Description of the task
The reply should contain every line of the data, repeated exactly, and no pictures.

Data section
▼

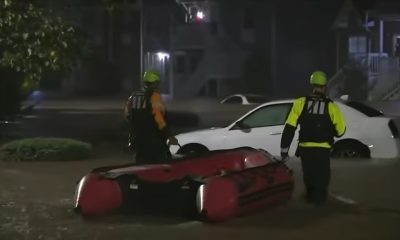 Huracán Helene provoca la muerte de más de 20 personas en Estados Unidos (1)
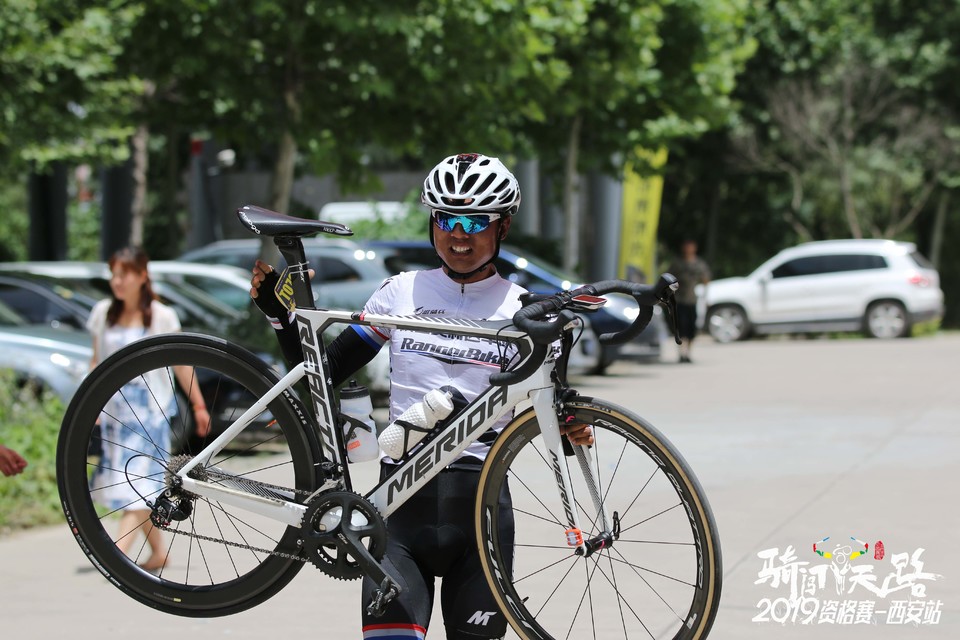 骑闯天路西安站-541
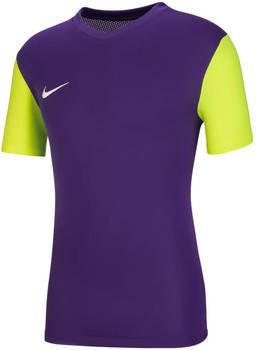 Nike T shirt Korte Mouw Dri FIT Tiempo Premier II SS Jersey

▲

Response area
 Huracán Helene provoca la muerte de más de 20 personas en Estados Unidos (1)
 骑闯天路西安站-541
 Nike T shirt Korte Mouw Dri FIT Tiempo Premier II SS Jersey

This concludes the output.